An inside look at the struggles former prisoners face in reentering society
Every year, roughly 650,000 people prepare to reenter society after being released from state and federal prisons. In Halfway House, Liam Martin shines a light on their difficult journeys, taking us behind the scenes at Bridge House, a residential reentry program near Boston, Massachusetts.
Drawing on three years of research, Martin explores the obstacles these former prisoners face in the real world. From drug addiction to poverty, he captures the ups and downs of life after incarceration in vivid, engaging detail. He shows us what, exactly, it is like to live in a halfway house, giving us a rare, up-close view of its role in a dense and often confusing web of organizations governing prisoner reentry.
Martin asks us to rethink the possibilities—and pitfalls—of using halfway houses to manage the worst excesses of mass incarceration. A portrait of life in the long shadow of the carceral state, Halfway House lets us see the struggles of reentry through the eyes of former prisoners.
Liam Martin is a Lecturer at the Institute of Criminology at Victoria University of Wellington.

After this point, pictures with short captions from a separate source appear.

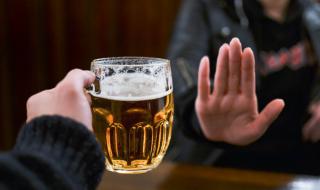 Какво се случва, ако откажете алкохола за седмица?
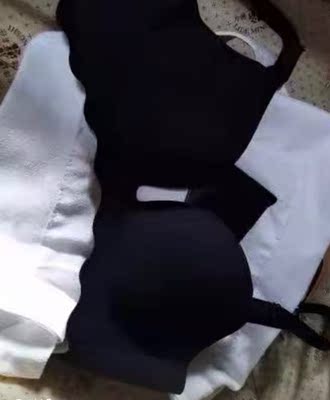 衣服款式很喜欢 着色很好 线头不多 关键是上身效果很不错 推荐给大家呀 喜欢的东西不忘记分享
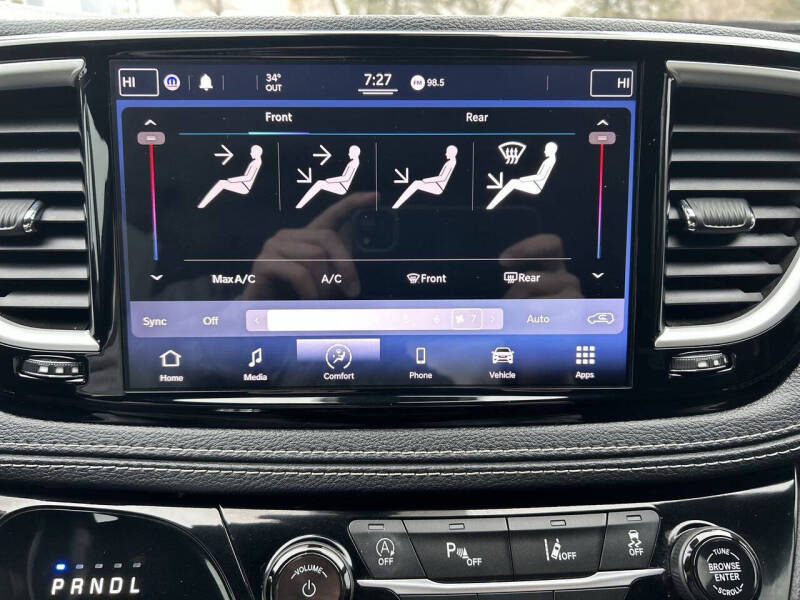 2021 Chrysler Pacifica Touring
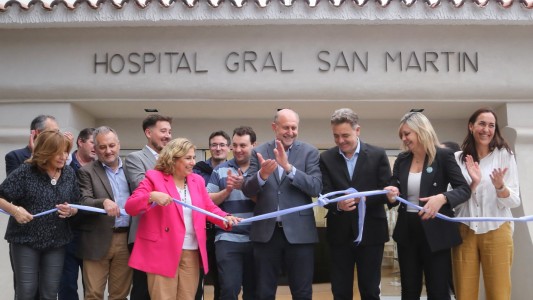 Perotti inauguró obras en los hospitales de Firmat y San Jorge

Martin empathetically plunges us into the cauldron of America’s carceral mesh of punishment, mandatory treatment, homelessness and interminable abuse at the height of the US overdose epidemic. We meet an inspiringly charismatic Puerto Rican heroin injector, with a history of violent crime and chronic incarceration, who actually manages to recover from chronic injection, drug use, violent crime and re-incarceration against all structural odds by bravely confronting the heartbreakingly painful breakdown of his battered body.
~Philippe Bourgois, author of In Search of Respect: Selling Crack in El Barrio
Halfway House tells the story of the transition from prison to community, helping us think about reentry and formerly incarcerated people in a different light. Liam Martin successfully identifies and illuminates the many tensions inherent in the halfway house model and offers a compelling and ultimately very human account of the lives of men trying to 'make good.'
~Natasha Frost, co-author of The Punishment Imperative: The Rise and Failure of Mass Incarceration in America
Martin focuses on the role of the halfway house in a dense and often confusing web of organizations governing prisoner reentry and calls for a rethinking of the possibilities and pitfalls of using halfway houses to manage the worst excesses of mass incarceration.
~Law and Social Inquiry
This highly sophisticated, indeed exemplary, ethnographic study of Bridge House, a halfway house in Boston, is an essential contribution to contemporary and future discussions within both academic and policy-making circles. It is an excellent account of the many dilemmas surrounding reentry organizations and programs that still retain many carceral elements that the target population experienced in prisons and jails.
~C. Powell, formerly, University of Southern Maine, Choice
Across nine chapters, Martin offers a moving ethnographic account of Joe's experience at Bridge House, framed with sharp insights into the social forces bearing down on him within and beyond this public and privately funded organization… Like the concept of carceral care, this book is fundamentally about contradictions.